Earning himself a similar record is Figaro sailor Alexis Loison, the 2013 Rolex Fastnet Race winner with his father Pascal, aboard their JPK 10.10 Night and Day. This year Loison was sailing doublehanded with JPK Composites’ Jean-Pierre Kelbert on board the brand new 10.30, Léon.
For the first part of the race Léon enjoyed a good race under IRC with the JPK 10.80 Dream Pearls of Arnaud Delamare and Eric Mordret. But broad reaching back from the rock in strong conditions, Léon performed a ‘horizon job’. Her 17 minutes lead under IRC at the Rock, grew to 4 hours 49 minutes ahead at the finish – the largest margin across all classes.
"An amazing race, a magnificent fleet with lots of different boats, a race where you always have battles - a mythical race," commented Loison.
In IRC Four Noel Racine and Foggy Dew added another trophy to their cabinet having won the class in four of his last eight Fastnets. However unlike the winners of IRC One to Three, who all sailed new hardware, his JPK 10.10 is the same he’s campaigned since 2011. The margin of Foggy Dew’s win was a respectable 1 hour 9 minutes ahead of Emmanuel & Etienne Pinteaux’s sistership Gioia (ex-Night and Day). JPK 10.10s claimed six of the top 12 positions within IRC Four.
Slowly growing is the IRC Two Handed class, up from 57 in 2017 to 63 entries this year. Following the success of the Loisons in 2013, doublehanded winners have gone from being a rarity to the norm in the smaller IRC classes, especially this year in IRC Three when six of the top ten (three in IRC Four) were doublehanded. In IRC 2H Léon was the clear winner, the third time Alexis Loison has won this class in four races. Second was the new Sun Fast 3300 Fastrak XII sailed by Hannah Diamond and Henry Bomby - the first step on their road to Paris 2024 in the new Mixed Two Person Offshore Keelboat class.
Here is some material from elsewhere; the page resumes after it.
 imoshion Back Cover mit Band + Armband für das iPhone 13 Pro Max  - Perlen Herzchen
While the Ultims unquestionably stole the show among multihulls, winner of the MOCRA multihull class was the much campaigned TS42 catamaran Guyader Gastronomie of Christian Guyader. Astern were three Dazcat racer-cruiser catamarans - Nigel Passmore's Apollo, Simon Baker's Hissy Fit and James Holder's Slinky Malinki.
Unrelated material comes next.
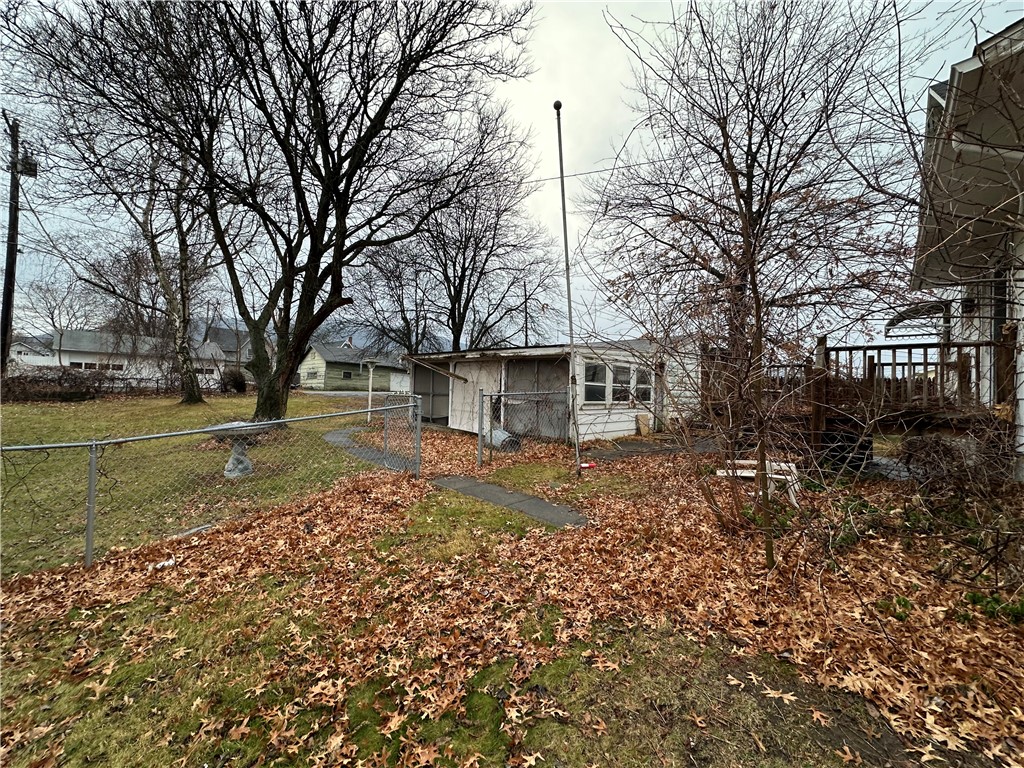 328 Commerce Street Corning, NY 14830 - Photo 5 of 31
Ultimately the overall winner of this year’s Rolex Fastnet Race were the Askews and their immaculately sailed Wizard. The Baltimore-based brothers are currently on a winning streak that started with last year’s Newport Bermuda race and continued this season with the RORC Caribbean 600 and the Transatlantic Race 2019. They sailed with a crack crew led by two time Volvo Ocean Race skipper Charlie Enright with the fastidious Will Oxley navigating and other leading round the world race luminaries including past winners Rob Greenhalgh and Richard Clarke.
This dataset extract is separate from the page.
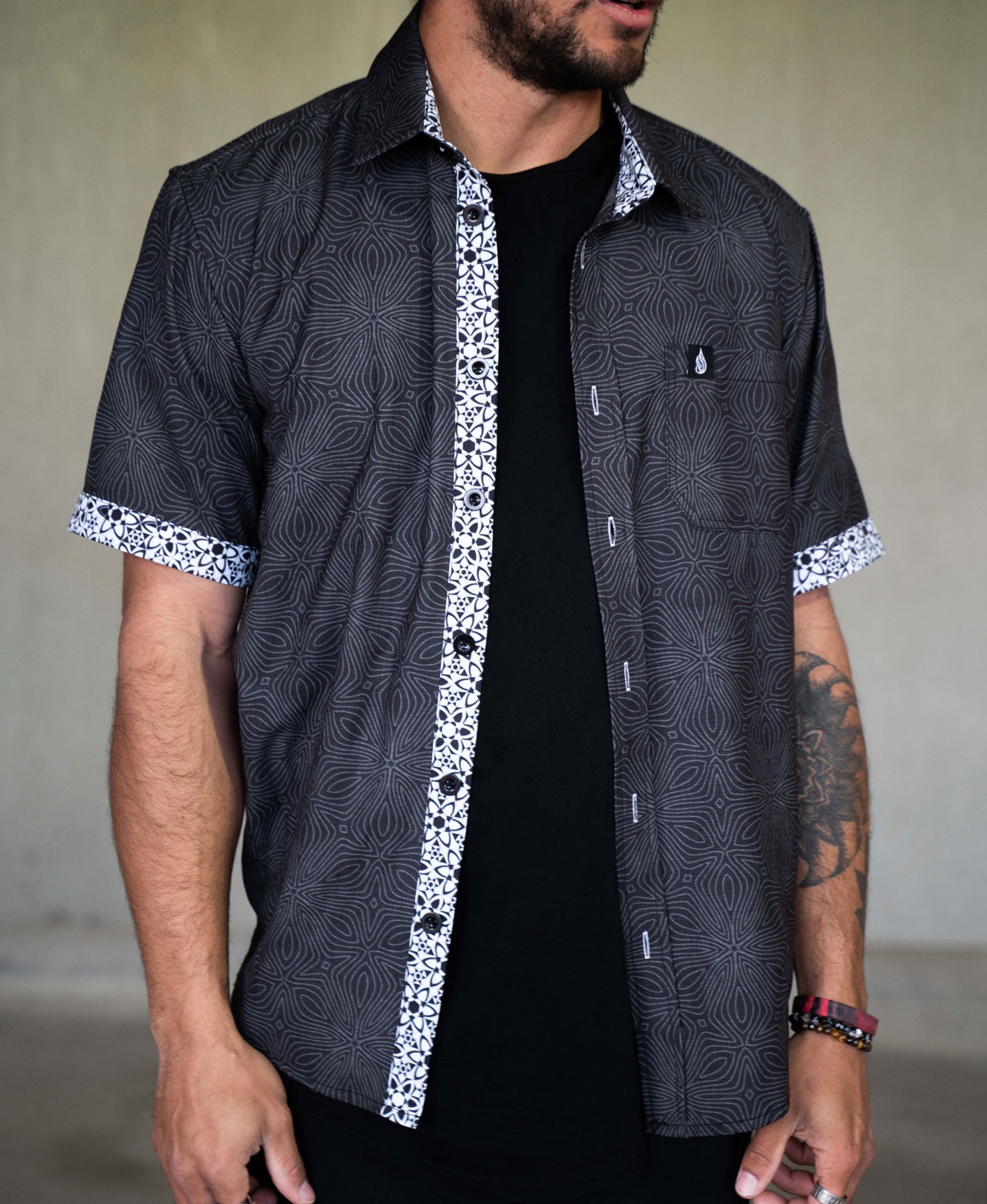 Journey Short Sleeve Button Down by Threyda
“To win the race is unbelievable,” said David Askew. “Obviously the Rolex Fastnet Race is one of the premier ocean racing events in the world and has a magnificent history going back way before I was born, and I’m an old guy!"
“I credit it really to everything – the organisation, the capabilities of Charlie Enright, the collective experience of all the crew as well as the two owners and selecting the right tool for the job - the VO70. It’s the sum of all the parts that contributed to the result. Plus a little bit of luck!”
Overall this year’s race was a big boat affair. Aside from Wizard, six of the top 10 overall under IRC were from IRC Z with Courrier Recommandé in fifth overall, squeezing in ahead of Léon and L'Ange De Milon.
Once again this year’s race was French-dominated. While Wizard brought to an end France’s three race winning streak, France won every class with the exception of IRC Z. But even there the Askew’s campaign had French roots – Wizard was previously Franck Cammas’ 2011-12 Volvo Ocean Race winner Groupama 4.